Wallace's career as the international representative came to an end in 1970 when he was fired for being one of the leaders of Saskatchewan members in their successful drive to disaffiliate from the American-based organization. Out of this campaign the current structure of the Saskatchewan Joint Board, RWDSU was formed. Throughout the 1970s and 1980s, the independent RWDSU Saskatchewan more than doubled its membership, to the point where it became the province's largest private sector union of the day. Like all other committed trade unionists, Wallace was a social activist who realized there was work to be done outside the bounds of his own organization. He served as vice-president of the Saskatchewan Federation of Labour during the 1960s and again in the mid-1980s; he was also vice-president of the Canadian Labour Congress during the 1960s. He was a leader in the fight for universal health care, and after medicare came in he sat as a member of the medical care insurance commission. He was a founding member of the Regina Community Clinic.

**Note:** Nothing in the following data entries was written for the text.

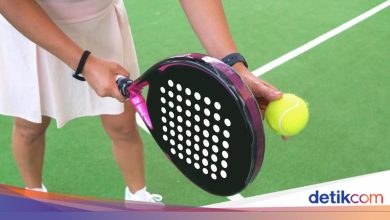 Viral action of thieves looking around and then stealing rackets at the padel court in South Jakarta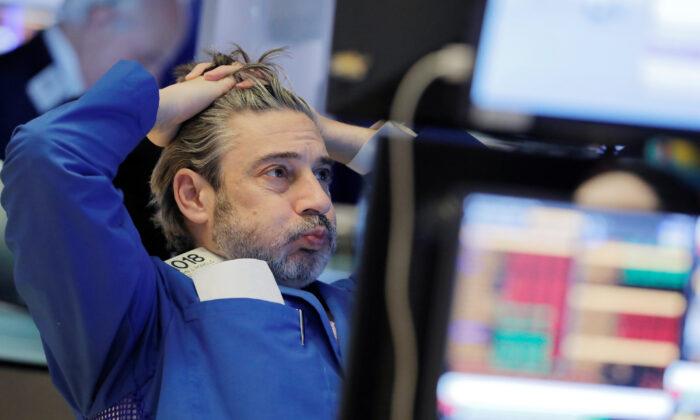 Dow Hits Longest Friday Losing Streak In 14 Years as Virus Roils Markets
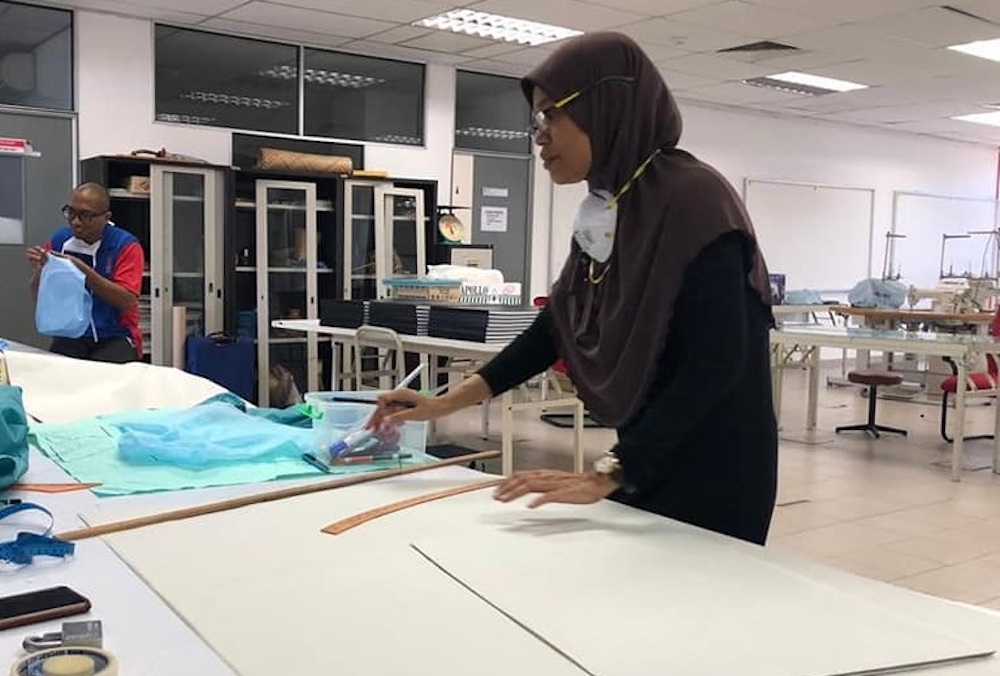 Hanisa said that it was the least they could do to help out the frontliners treating infected patients. — Picture via Facebook/Hanisa Hj Hassan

In the 1960s Wallace was the recipient of the Nuffield Foundation Scholarship which provided him with a six-month education leave to Oxford University in England. In the 1970s he was an important figure and organizer in the fight against wage and price controls at both the federal and provincial levels. In his 80th year, he is still an activist, frequently sitting on arbitration boards and continuing to submit reports and prepare briefs.